Brief —
Output every record again so that it matches the original word for word.

(Stored items)
▼
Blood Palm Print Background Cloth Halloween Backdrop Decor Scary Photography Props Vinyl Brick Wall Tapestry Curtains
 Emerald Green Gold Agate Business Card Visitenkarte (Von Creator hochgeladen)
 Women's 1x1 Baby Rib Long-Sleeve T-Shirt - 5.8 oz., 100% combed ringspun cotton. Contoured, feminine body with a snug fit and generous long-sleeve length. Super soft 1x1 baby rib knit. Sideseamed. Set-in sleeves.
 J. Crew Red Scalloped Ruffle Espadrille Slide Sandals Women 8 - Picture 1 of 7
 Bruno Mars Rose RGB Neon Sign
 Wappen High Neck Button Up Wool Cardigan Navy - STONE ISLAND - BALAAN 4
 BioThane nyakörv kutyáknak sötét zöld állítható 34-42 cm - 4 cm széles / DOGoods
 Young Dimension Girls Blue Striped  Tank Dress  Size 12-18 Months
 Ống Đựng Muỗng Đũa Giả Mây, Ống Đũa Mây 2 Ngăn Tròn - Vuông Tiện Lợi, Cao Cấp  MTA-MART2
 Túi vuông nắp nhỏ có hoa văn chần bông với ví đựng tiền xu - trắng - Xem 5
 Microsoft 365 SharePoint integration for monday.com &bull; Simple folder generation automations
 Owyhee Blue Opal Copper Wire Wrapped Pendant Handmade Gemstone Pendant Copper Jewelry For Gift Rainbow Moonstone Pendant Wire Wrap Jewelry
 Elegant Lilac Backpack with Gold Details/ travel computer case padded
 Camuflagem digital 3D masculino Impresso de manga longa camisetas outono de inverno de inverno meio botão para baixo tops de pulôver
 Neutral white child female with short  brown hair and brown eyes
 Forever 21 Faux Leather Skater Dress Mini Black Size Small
▲
Solved problem —
Blood Palm Print Background Cloth Halloween Backdrop Decor Scary Photography Props Vinyl Brick Wall Tapestry Curtains
 Emerald Green Gold Agate Business Card Visitenkarte (Von Creator hochgeladen)
 Women's 1x1 Baby Rib Long-Sleeve T-Shirt - 5.8 oz., 100% combed ringspun cotton. Contoured, feminine body with a snug fit and generous long-sleeve length. Super soft 1x1 baby rib knit. Sideseamed. Set-in sleeves.
 J. Crew Red Scalloped Ruffle Espadrille Slide Sandals Women 8 - Picture 1 of 7
 Bruno Mars Rose RGB Neon Sign
 Wappen High Neck Button Up Wool Cardigan Navy - STONE ISLAND - BALAAN 4
 BioThane nyakörv kutyáknak sötét zöld állítható 34-42 cm - 4 cm széles / DOGoods
 Young Dimension Girls Blue Striped  Tank Dress  Size 12-18 Months
 Ống Đựng Muỗng Đũa Giả Mây, Ống Đũa Mây 2 Ngăn Tròn - Vuông Tiện Lợi, Cao Cấp  MTA-MART2
 Túi vuông nắp nhỏ có hoa văn chần bông với ví đựng tiền xu - trắng - Xem 5
 Microsoft 365 SharePoint integration for monday.com &bull; Simple folder generation automations
 Owyhee Blue Opal Copper Wire Wrapped Pendant Handmade Gemstone Pendant Copper Jewelry For Gift Rainbow Moonstone Pendant Wire Wrap Jewelry
 Elegant Lilac Backpack with Gold Details/ travel computer case padded
 Camuflagem digital 3D masculino Impresso de manga longa camisetas outono de inverno de inverno meio botão para baixo tops de pulôver
 Neutral white child female with short  brown hair and brown eyes
 Forever 21 Faux Leather Skater Dress Mini Black Size Small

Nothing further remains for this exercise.